Beyond the chip: Where the AI money goes next?
“During the gold rush its a good time to be in the pick and shovel business” ― Mark Twain
I have been watching the AI trade since it began, and something has shifted under the surface.
The conversation is still dominated by semiconductors — by NVIDIA earnings calls, AMD product launches, and who has the fastest chip.
But the money is telling a different story. And the numbers behind it are large enough to change how you think about positioning in this market.
For example: A company that makes cooling systems for data centers has outperformed NVIDIA by a ratio of 4 to 1 over the past six months.
Vertiv Holdings returned 94% vs NVIDIA’s 14.89% year to date (as of 5/28/26).
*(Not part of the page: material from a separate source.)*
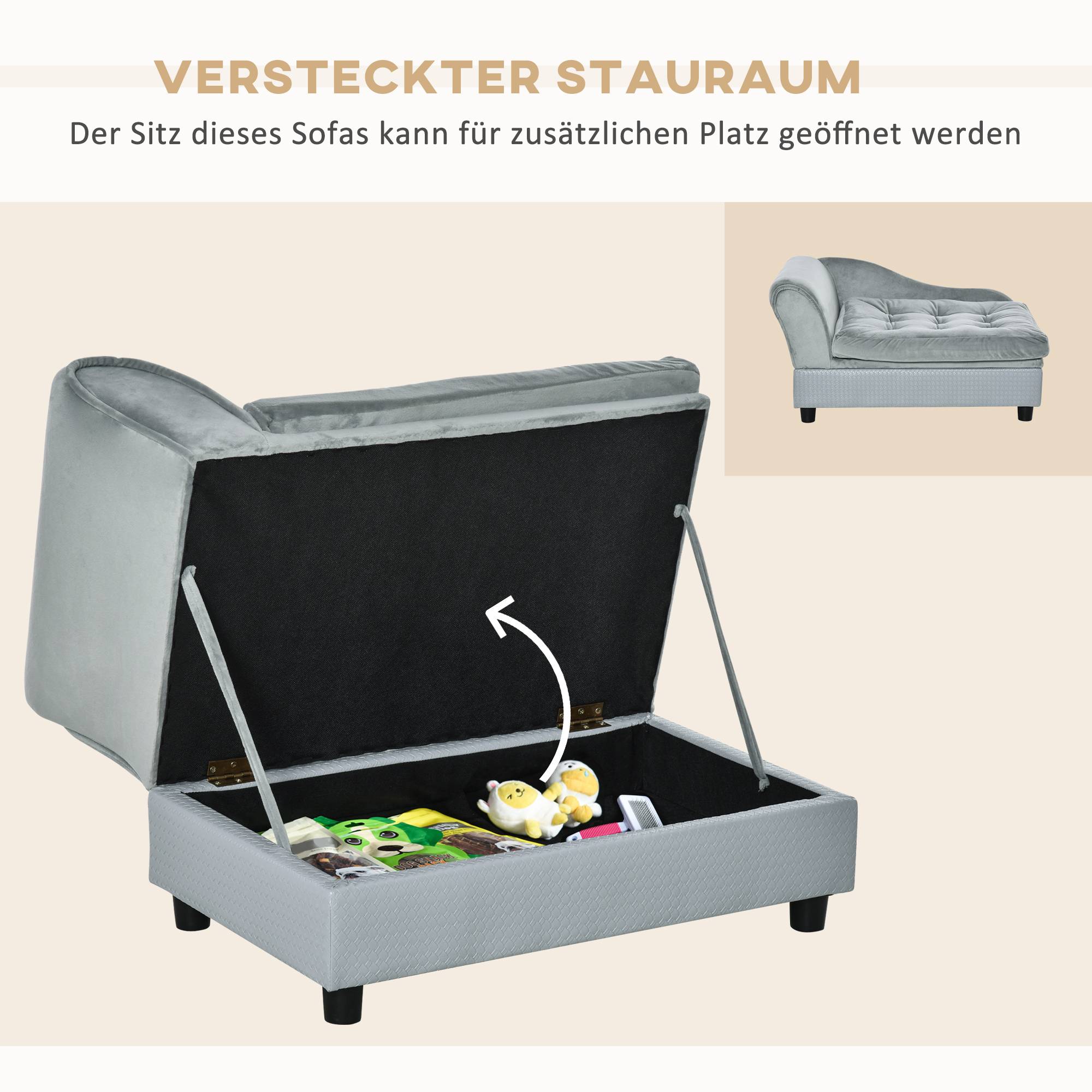ComfortXL - Canapé pour chien et chat en bois peluche gris clair avec rangement intégré coussin moelleux charge 15 kg - Image 5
Is the market starting to refocus its AI trade on infrastructure over tech?
Don’t Ignore the Buildout
The five largest hyperscalers — Amazon, Alphabet, Microsoft, Meta, and Oracle — are guiding toward a combined $635 billion to $690 billion in capital expenditure for 2026.
Amazon alone is projecting $200 billion. Alphabet is guiding $175 billion to $185 billion. Meta targets $115 billion to $135 billion. Microsoft is tracking toward $120 billion or more. Oracle is targeting $50 billion.
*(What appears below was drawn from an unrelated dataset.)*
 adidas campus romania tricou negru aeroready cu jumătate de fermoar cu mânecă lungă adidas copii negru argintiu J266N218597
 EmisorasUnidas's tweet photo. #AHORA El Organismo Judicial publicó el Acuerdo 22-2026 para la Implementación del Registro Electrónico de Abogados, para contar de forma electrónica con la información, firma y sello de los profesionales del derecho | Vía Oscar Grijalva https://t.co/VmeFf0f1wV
These are not speculative projections. These are company-issued guidance numbers from earnings calls.
Goldman Sachs estimates AI-focused companies may invest more than $500 billion in infrastructure in 2026 alone. Since that estimate was published, the number has only grown.
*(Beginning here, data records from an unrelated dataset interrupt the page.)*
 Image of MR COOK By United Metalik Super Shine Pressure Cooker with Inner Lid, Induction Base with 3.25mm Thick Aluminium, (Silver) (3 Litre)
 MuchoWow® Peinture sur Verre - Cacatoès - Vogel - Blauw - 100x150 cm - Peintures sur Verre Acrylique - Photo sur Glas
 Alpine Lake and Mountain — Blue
The acceleration is staggering:
• 2024: ~$250 billion in combined hyperscaler capex
• 2025: ~$400 billion — the largest single-year step-up in corporate history
• 2026: $635–$690 billion guided — another 60%+ increase
Here is what most semiconductor investors are not thinking about: only about 25% of that spending goes to chips. The other 75% goes to the physical infrastructure — data centers, power systems, cooling equipment, networking hardware, and land.
The GPU is the brain. The data center is the body. And the body costs far more to build.
Source: Goldman Sachs, “Why AI Companies May Invest More than $500 Billion in 2026,” January 2026; Futurum Group, “AI Capex 2026: The $690B Infrastructure Sprint”; Company earnings guidance, Q4 2025 and Q1 2026 earnings calls.